When legendary director Orson Welles began shooting “The Other Side of the Wind” — an art-imitates-life story about a famous Hollywood director (played by John Huston) struggling to finish his final masterpiece — in 1970, he could never have predicted the long and winding road his own film was about to travel. Plagued by financial and legal issues, the production, which spanned years, was never completed, let alone released. Welles died in 1985.

Ultimately, more than 1,000 reels of film languished in a Paris vault until 2017, when producers Frank Marshall (a production manager on the initial shoot) and Filip Jan Rymsza spearheaded efforts to finally complete the film, which was released theatrically and streamed by Netflix on Nov. 2.

To reach this point, a team of artisans including Oscar-winning editor Bob Murawski (“The Hurt Locker”) and negative archivist Mo Henry, the negative cutter of better than 300 films, notably “The Dark Knight” and “The Matrix,” labored for more than a year to painstakingly assemble the puzzle left behind by Welles almost 50 years ago.

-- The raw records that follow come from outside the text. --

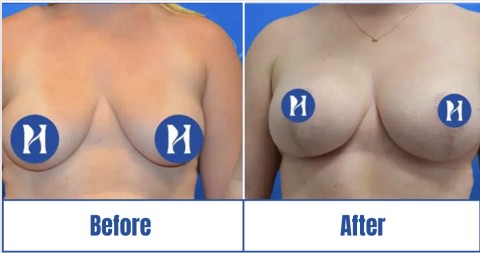 Before & after image of a woman who got Breast Augmentation in Dallas Fort Worth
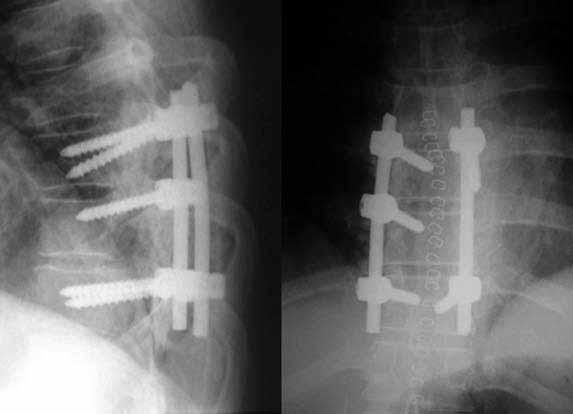524 Acta Orthop Traumatol Turc Düz radyografilerle yapılan inceleme sonucunda kararsız kalınan olgularda vidaların durumu bilgisayarlı tomografi (BT) ile incelendi.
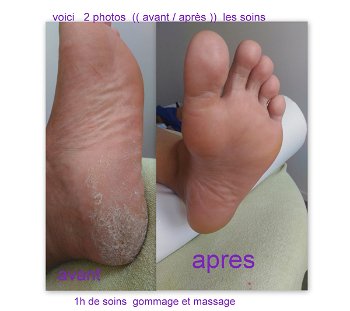 Annonce massage des pieds feminin gratuit Mulhouse Haut Rhin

“I had to go through nearly 1,100 cans using magnifying glasses and try to put them in sequence,” says Henry. “So you could get a can with some 50 strips of 16mm negative in it, and we’d try to find slates where possible, although many were removed, which is another irony, since the film mentions that — and then it happens in real life. It felt like Orson’s joke from the grave: a film within a film within a film.”